Moks zawodową karierę rozpoczął w 2007 roku. Przez pierwszych kilka lat walczył w zagranicznych organizacjach np. w M-1, gdzie zdobył mistrzowski pas wagi średniej i bił się na galach w wielu krajach jak np. w Niemczech, Holandii, Finlandii, Ukrainie czy Rosji.
Rafał Moks nie żyje
Trenował w Szczecińskim Berserker’s Team pod okiem Piotra Bagińskiego i w 2011 roku zadebiutował w KSW. Jego bilans w największej polskiej organizacji to 4 zwycięstwa i 4 porażki. Łącznie w całej karierze wygrał 11 z 19 pojedynków, a ostatni raz oglądaliśmy go na gali KSW 35 w 2016 roku, kiedy to po decyzji wygrał z Robertem Radomskim.
Dłuższa przerwa była spowodowana m.in. przez problemu z prawem. W 2018 roku został zatrzymany przez CBŚP w związku z udziałem w szczecińskim gangu. Oskarżonym groziły wysokie wyroki, jednak „Kulturysta” wyszedł na wolność w 2021 roku i powrócił do treningów.
– Nie ma to, jak dobry trening na tarczach, powoli trzeba wracać do ostrych treningów. Pozdrawiam wszystkich! – napisał na swoich social mediach w kwietniu ubiegłego roku.
Głos zabrał także jego trener, który rozmawiał z mmanews.pl – Jest deklaracja z jego strony, że chce walczyć i wrócić. Znowu kolejny, doświadczony zawodnik, który oprócz tego, że może walczyć, to ma zdrowie, umiejętności i chęci, to dodatkowo facet z dużym doświadczeniem i fajnie będzie, jeżeli to doświadczenie będzie przekazywał młodym zawodnikiem.
– Oczywiście chodzi o doświadczenie sportowe, bo to doświadczenie jest tu jak najbardziej mile widziane. Liczę, że wyciągnął wnioski i w ten sposób zakończy się ta jego przykra przygoda, a sport znowu będzie górą, pomoże mu pierwsze się ustawić i znaleźć ten pozytywny aspekt.
Zawodnik zamierzał wrócić do klatki KSW, co w programie Oktagon Live potwierdził dyrektor sportowy federacji Wojsław Rysiewski – Rozmawiałem z Bagim, Rafał jest gotowy na walkę. Jest firmowy sentyment, jeśli chodzi o Rafała. W szczególności ze strony Maćka. Rafał dawał świetne walki, pojedynek z Borysem chociażby. Zobaczymy, rozmawiamy, na razie nie mogę powiedzieć nic więcej.

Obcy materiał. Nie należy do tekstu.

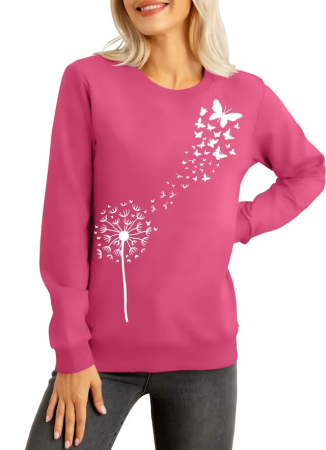 Bluza lejera pentru femei, pulover respirabil, decolteu rotund, Roz S [3]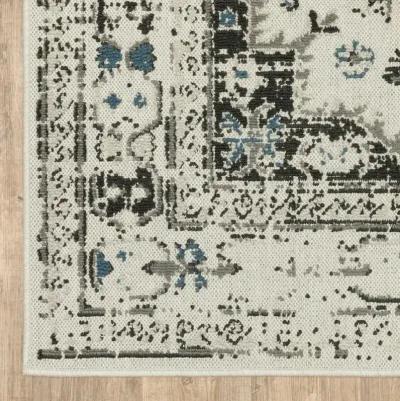 10' X 13' Oriental Stain Resistant Outdoor / Indoor Area Rug - Blue / Beige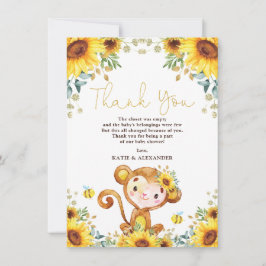 Girl Monkey Summer Sunflower Garden Baby shower Bedankkaart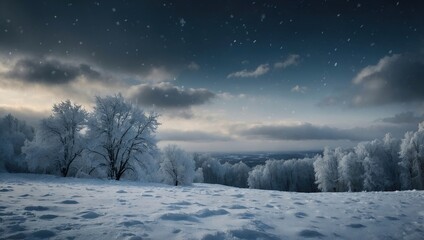 Epic winter landscape: snow field and snow-covered trees covered with hoarfrost on a hill under a dramatic sky with a sun glow and snowfall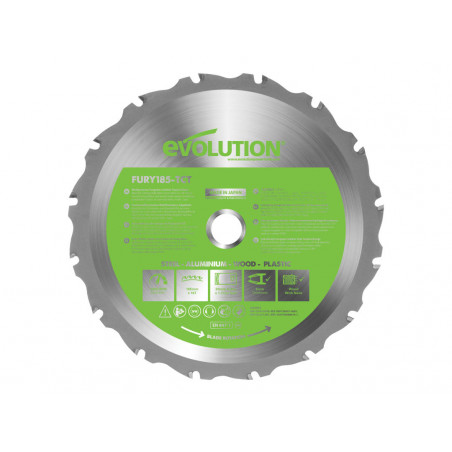 FURY® Multi-Purpose TCT Circular Saw Blade 185 x 20mm x 16T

Niestety nie doczekaliśmy się powrotu Moksa. W piątek 18 listopada przed godziną 13 media obiegła tragiczna wiadomość. Na ten moment nie wiadomo, jaka była przyczyna śmierci zawodnika, który odszedł w wieku 36 lat.
Fightera pożegnał m.in. Maciej Kawulski, który jako jeden z pierwszych napisał:
– R.I.P Kulti. Będę o tobie pamiętał.